5.8 Relationship Between the Parties. The relationship between the parties established under this Agreement is that of independent contractors, and neither party is an employee, agent, partner, or joint venturer of or with the other. Nothing contained in this Agreement shall be construed to give either party the power to direct and control the day-to-day activities of the other. All financial and other obligations associated with SunPower’s business are the sole responsibility of SunPower.

 

Cypress shall be solely responsible for any employment-related taxes, insurance premiums or other employment benefits respecting Cypress’s personnel’s performance of Services under this Agreement. SunPower agrees to grant Cypress personnel access to sites, systems, employees and information (subject to the provisions of confidentiality in Section 5.7 hereof) as necessary for Cypress to perform its obligations hereunder. Cypress shall use all commercially reasonable efforts to cause its personnel to obey any and all security regulations and other published policies of SunPower.

 

5.9 Subcontractor. Cypress may engage a Subcontractor to perform all or any portion of Cypress’s duties under this Agreement; provided, however, that any such Subcontractor agrees in writing to be bound by the confidentiality obligations of Section 5.7; and provided further, that Cypress remains responsible for the performance of such Subcontractor.
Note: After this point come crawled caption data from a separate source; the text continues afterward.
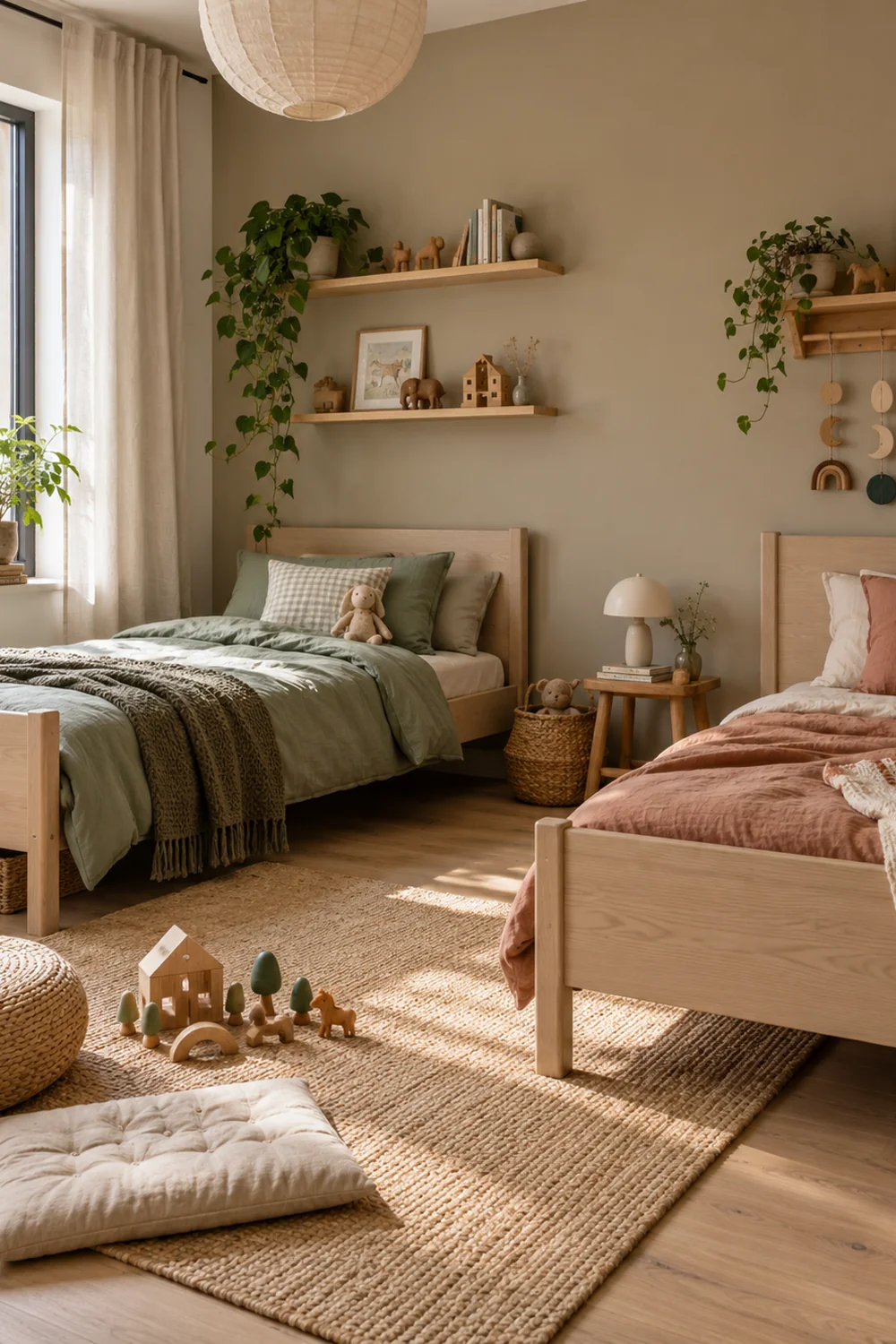 Sage and clay accents distinguish two pale ash beds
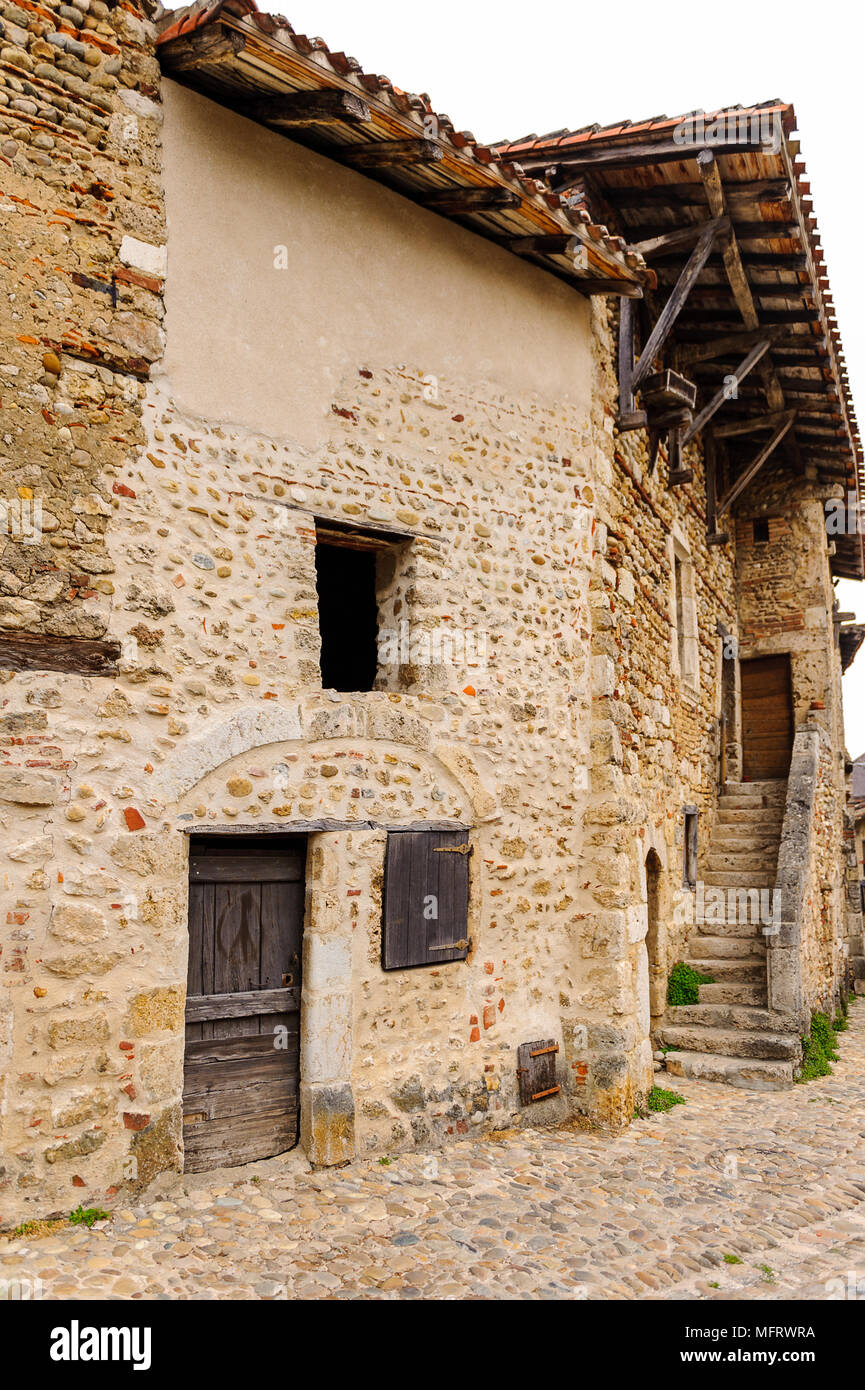 Old stone house in Perouges, France, a medieval walled town, a popular ...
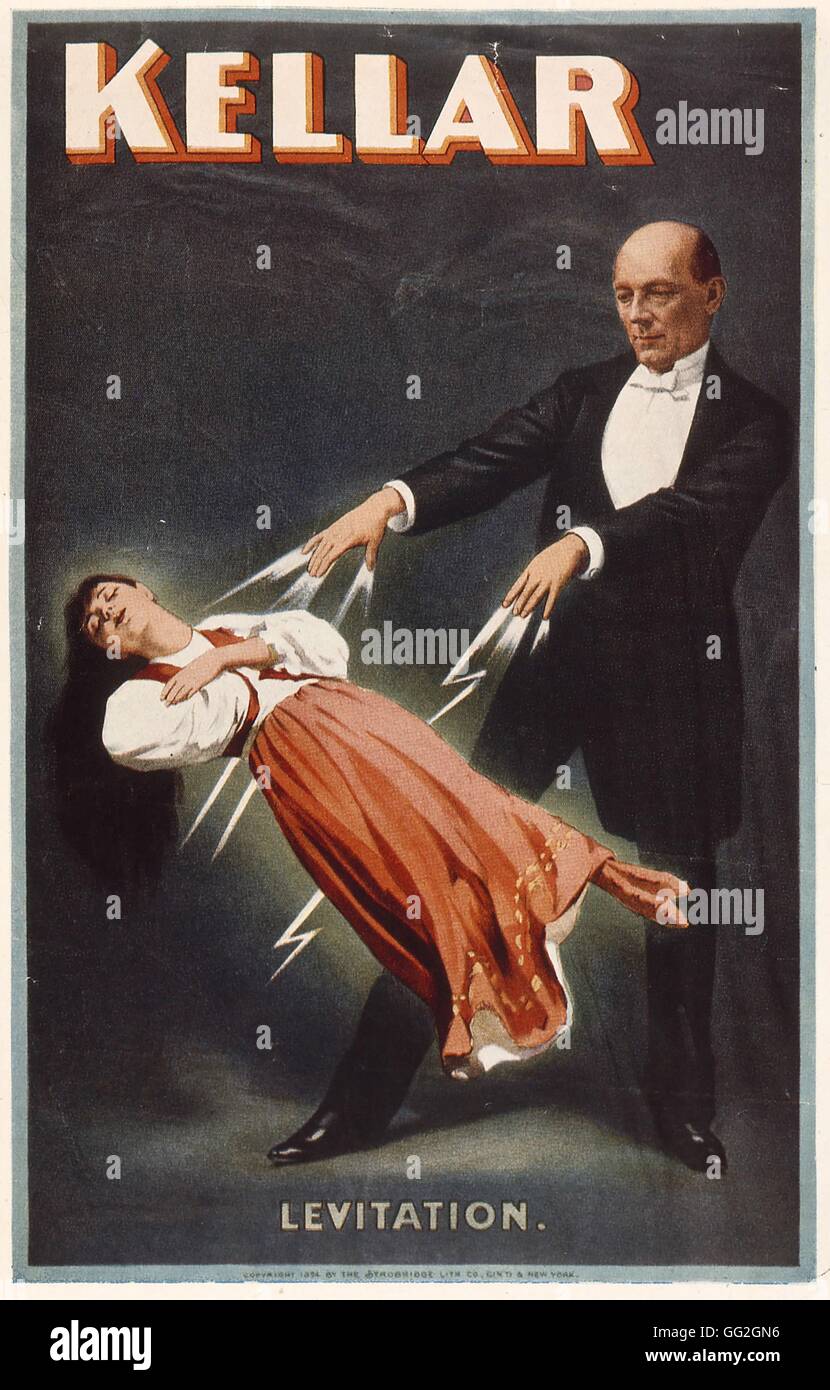 Cartel Kellar practicando la levitación. 1894. Colección privada Foto de stock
The cost of any Subcontractor engaged by Cypress shall be the sole responsibility of SunPower. Cypress shall notify SunPower if the costs incurred for the engagement of any Subcontractor exceed $25,000 in any calendar year.

 

ARTICLE VI

 

INDEMNIFICATION, WARRANTY AND LIMITATION OF LIABILITY

 

6.1 Indemnification. SunPower shall indemnify and hold harmless Cypress, its successors and Affiliates, and their respective officers, directors, employees, and agents from and against all claims, liabilities, obligations, suits, causes of action, or expenses (including reasonable attorney’s fees) (collectively “Claims”) resulting, directly or indirectly, from or in connection with any act or omission of Cypress done at the direction of SunPower; SunPower’s use, interpretation or communication of advice, results or information provided to SunPower by Cypress; any failure by SunPower to comply with applicable law with respect to any Service provided by Cypress; or any act or omission of SunPower in connection with the Services. Disputes, controversies and claims hereunder shall be subject to the terms of Section 3.3 of the Separation Agreement and, as applicable, Section 1.5, Section 1.6 and Article II of the Indemnification and Insurance Matters Agreement attached as Exhibit A to the Separation Agreement.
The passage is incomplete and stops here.